(Data records)
====================

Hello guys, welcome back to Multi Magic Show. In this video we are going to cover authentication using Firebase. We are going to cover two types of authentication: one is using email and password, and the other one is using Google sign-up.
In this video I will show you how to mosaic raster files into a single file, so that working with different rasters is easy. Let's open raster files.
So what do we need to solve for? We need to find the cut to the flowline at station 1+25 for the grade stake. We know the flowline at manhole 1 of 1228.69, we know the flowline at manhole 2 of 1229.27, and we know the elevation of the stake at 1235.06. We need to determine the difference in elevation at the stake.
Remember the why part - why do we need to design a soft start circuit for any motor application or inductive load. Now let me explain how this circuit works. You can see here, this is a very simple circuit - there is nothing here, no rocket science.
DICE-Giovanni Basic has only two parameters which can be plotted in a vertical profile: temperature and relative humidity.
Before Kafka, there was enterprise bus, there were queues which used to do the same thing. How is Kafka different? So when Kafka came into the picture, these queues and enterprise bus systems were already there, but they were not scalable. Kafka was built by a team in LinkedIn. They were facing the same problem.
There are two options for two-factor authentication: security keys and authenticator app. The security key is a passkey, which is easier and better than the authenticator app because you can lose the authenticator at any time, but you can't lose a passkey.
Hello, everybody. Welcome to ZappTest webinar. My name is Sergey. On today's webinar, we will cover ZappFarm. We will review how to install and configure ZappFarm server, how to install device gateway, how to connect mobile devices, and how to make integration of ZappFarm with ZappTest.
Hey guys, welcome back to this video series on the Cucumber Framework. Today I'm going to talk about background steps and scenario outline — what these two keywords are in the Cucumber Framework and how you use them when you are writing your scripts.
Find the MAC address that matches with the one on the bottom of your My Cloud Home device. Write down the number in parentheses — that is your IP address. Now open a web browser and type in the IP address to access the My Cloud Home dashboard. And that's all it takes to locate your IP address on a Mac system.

====================

- WORK TO COMPLETE -
A complete, exact copy of the entries above is what is wanted.

- FINISHED TASK -
Hello guys, welcome back to Multi Magic Show. In this video we are going to cover authentication using Firebase. We are going to cover two types of authentication: one is using email and password, and the other one is using Google sign-up.
In this video I will show you how to mosaic raster files into a single file, so that working with different rasters is easy. Let's open raster files.
So what do we need to solve for? We need to find the cut to the flowline at station 1+25 for the grade stake. We know the flowline at manhole 1 of 1228.69, we know the flowline at manhole 2 of 1229.27, and we know the elevation of the stake at 1235.06. We need to determine the difference in elevation at the stake.
Remember the why part - why do we need to design a soft start circuit for any motor application or inductive load. Now let me explain how this circuit works. You can see here, this is a very simple circuit - there is nothing here, no rocket science.
DICE-Giovanni Basic has only two parameters which can be plotted in a vertical profile: temperature and relative humidity.
Before Kafka, there was enterprise bus, there were queues which used to do the same thing. How is Kafka different? So when Kafka came into the picture, these queues and enterprise bus systems were already there, but they were not scalable. Kafka was built by a team in LinkedIn. They were facing the same problem.
There are two options for two-factor authentication: security keys and authenticator app. The security key is a passkey, which is easier and better than the authenticator app because you can lose the authenticator at any time, but you can't lose a passkey.
Hello, everybody. Welcome to ZappTest webinar. My name is Sergey. On today's webinar, we will cover ZappFarm. We will review how to install and configure ZappFarm server, how to install device gateway, how to connect mobile devices, and how to make integration of ZappFarm with ZappTest.
Hey guys, welcome back to this video series on the Cucumber Framework. Today I'm going to talk about background steps and scenario outline — what these two keywords are in the Cucumber Framework and how you use them when you are writing your scripts.
Find the MAC address that matches with the one on the bottom of your My Cloud Home device. Write down the number in parentheses — that is your IP address. Now open a web browser and type in the IP address to access the My Cloud Home dashboard. And that's all it takes to locate your IP address on a Mac system.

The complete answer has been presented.